■ Your instructions
Only one stretch of the material below is wanted: everything from the line containing "PARE RACINGBIKE - BRISE" down to the line containing "Read Romance Punch", both ends included. Repeat it exactly and skip the pictures.

■ Records supplied
———
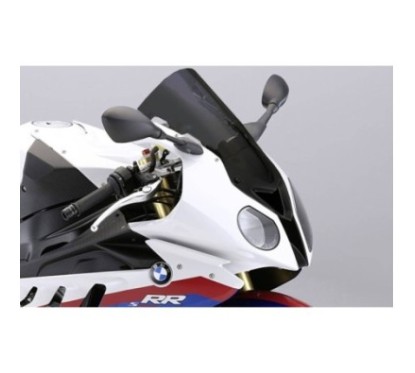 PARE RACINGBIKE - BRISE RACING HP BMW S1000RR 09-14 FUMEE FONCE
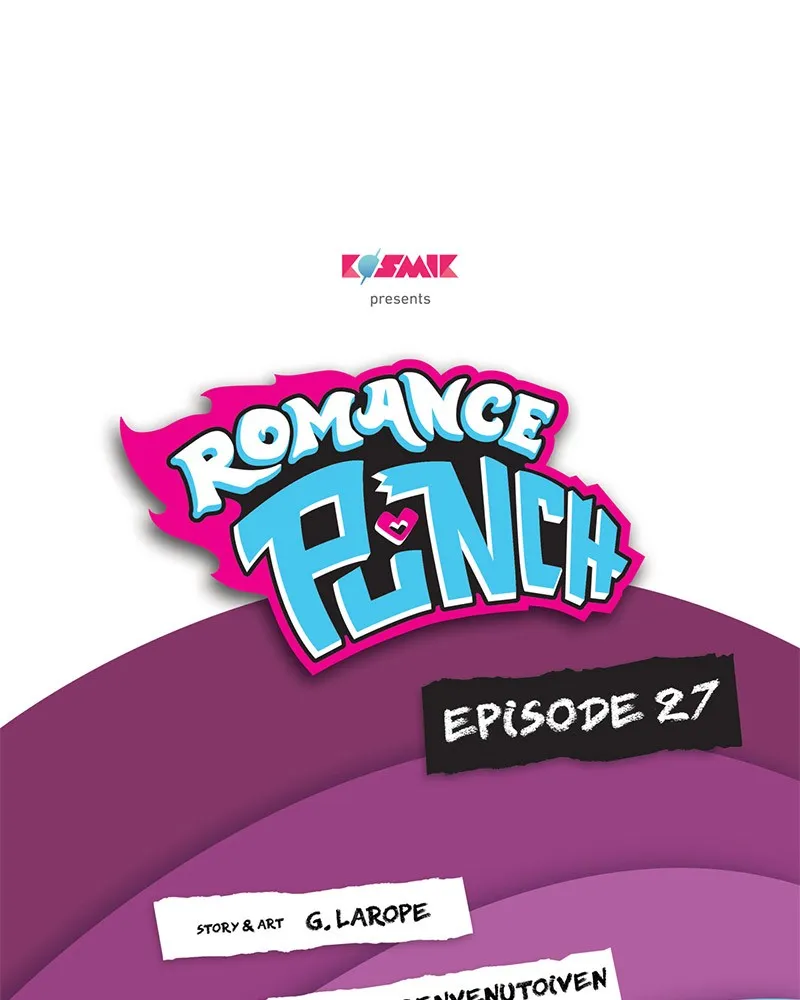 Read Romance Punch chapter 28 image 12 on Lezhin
———
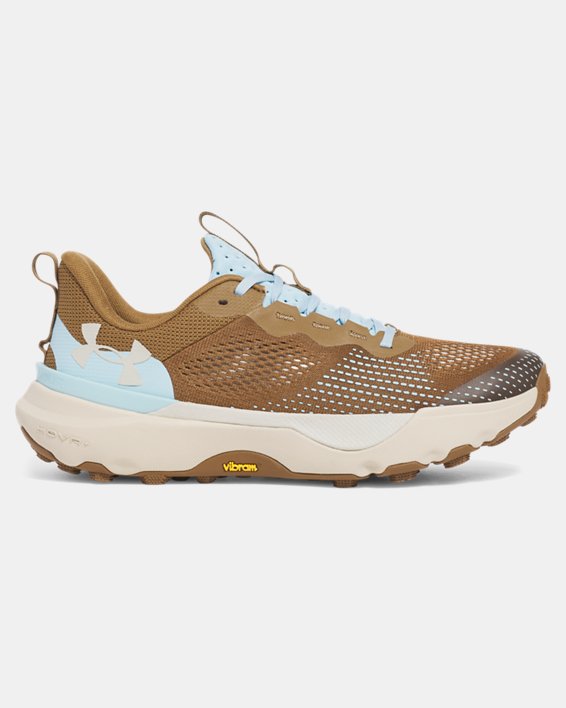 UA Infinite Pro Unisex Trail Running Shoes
———
■ Expected answer
 PARE RACINGBIKE - BRISE RACING HP BMW S1000RR 09-14 FUMEE FONCE
 Read Romance Punch chapter 28 image 12 on Lezhin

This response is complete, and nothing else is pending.